Con la sentenza in commento, la Cassazione ribalta l’interpretazione, finora prevalente, della norma. Ritiene, infatti, che le due tipologie di responsabilità contenute nell’art. 2048 non rappresentino  due species di un unico genus, il cui discrimine sarebbe la maggiore età dell'autore del fatto illecito. L'ontologica diversità tra le due ipotesi emergerebbe, invece, proprio dalla mera lettura dei due commi:il primo disciplina la responsabilità per culpa in educando, senza peraltro indicare che cosa genitori e tutori abbiano omesso di fare affinché la responsabilità insorga, secondo un principio di responsabilità totalizzante.
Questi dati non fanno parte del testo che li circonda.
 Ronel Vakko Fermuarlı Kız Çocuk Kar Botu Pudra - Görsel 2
Il secondo, che disciplina la culpa in vigilando, indica invece espressamente ciò che non sarebbe stato fatto, ovvero la vigilanza.

Sebbene la «vigilanza» costituisca un onere che grava anche sui genitori dei figli minorenni,quella prevista dal secondo comma è di contenuto specifico, “in quanto si rapporta alla cognizione culturale e tecnica che viene trasferita dai responsabili ai loro allievi e apprendisti”: con ciò viene escluso che il mero raggiungimento della maggiore età estingua l'onere di vigilanza, poiché la maggiore età non significa che il soggetto cessi di essere allievo e quindi “sottoposto a quella vigilanza che, logicamente, è teleologica, ovvero necessaria per l’attività di insegnamento/addestramento”.
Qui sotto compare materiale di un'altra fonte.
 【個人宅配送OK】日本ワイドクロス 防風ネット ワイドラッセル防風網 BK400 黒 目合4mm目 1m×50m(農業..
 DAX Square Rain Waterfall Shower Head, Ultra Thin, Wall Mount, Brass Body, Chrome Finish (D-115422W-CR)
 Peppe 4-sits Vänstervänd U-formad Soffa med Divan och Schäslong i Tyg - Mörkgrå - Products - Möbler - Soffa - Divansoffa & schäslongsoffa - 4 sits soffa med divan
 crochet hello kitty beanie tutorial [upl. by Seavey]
La maggiore età come presunzione di caso fortuito

A compensazione di questo irrigidimento interpretativo, la Suprema Corte evidenzia però che il raggiungimento della maggiore età non è circostanza priva di effetto: se non serve ad escludere, sic et simpliciter, la responsabilità presunta dei docenti, incide però sull’onere probatorio che incombe su questi ultimi, allegerendolo.

Infatti, dopo aver richiamato le numerose pronunce che adeguano l’intensità della vigilanza all’età del vigilato, nel senso che il contenuto dell’obbligo è inversamente proporzionale al grado di maturità degli alunni, “con la conseguenza che con l’avvicinarsi di costoro all’età del pieno discernimento il dovere di vigilanza dei precettori richiede meno la loro continua presenza” (Cass. sent. 369/1980 e, in maniera simile, Cass. 12424/1998, Cass. 2272/2005, Cass. 11453/2003, Cass. 22752/2013), la Corte rammenta che la prevedibilità dell’evento dannoso rappresenta l’elemento dal quale nasce la necessità della vigilanza, la quale si commisura al grado di esistenza di una carenza di autosufficienza dei soggetti nella gestione della propria condotta.
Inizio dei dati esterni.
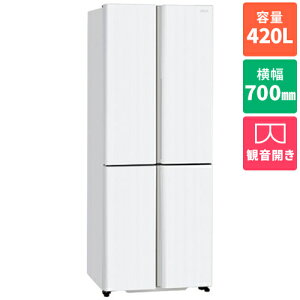 �y�W���ݒu�������z�A�N�A(AQUA) AQR-TZ42A-H �p�[���O���[ TZ�V���[�Y 4�h�A�①�� �ω��J�� 420L ��700mm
Ma il legislatore, conferendo la maggiore età, presume una capacità di autogestione dei soggetti. Pertanto l'età maggiorenne incide sul contenuto dell'onere probatorio dell'insegnante, in quanto “la dimostrazione, da parte sua, della maggiore età dell'allievo deve ritenersi ordinariamente sufficiente per provare che l'evento dannoso ha costituito un caso fortuito, essendo stato posto in essere da persona non necessitante di vigilanza alcuna in quanto giunta ad una propria completa capacità di discernimento, e dunque da una persona che non era prevedibile che tenesse una tale condotta”.

Al dunque, quindi, la nuova interpretazione della norma conduce pur sempre – nella generalità dei casi (non così, però, se il maggiorenne aveva manifestato elementi di asocialità o se è persona notoriamente ostile/vendicativa) – ad un’assenza di responsabilità aggravata per il fatto illecito degli allievi maggiorenni[2].

Costituiscono tuttavia, sempre secondo la Corte, un’eccezione al principio di presunzione della capacità di autonomo discernimento del maggiorenne, quelle attività tecniche (attività sportive, artigianali, meccaniche) che costituiscono oggetto di insegnamento, con conseguenti compiti di direzione e controllo tecnico e disciplinare, per le quali, pertanto, l’onere di vigilanza non può dirsi attenuato.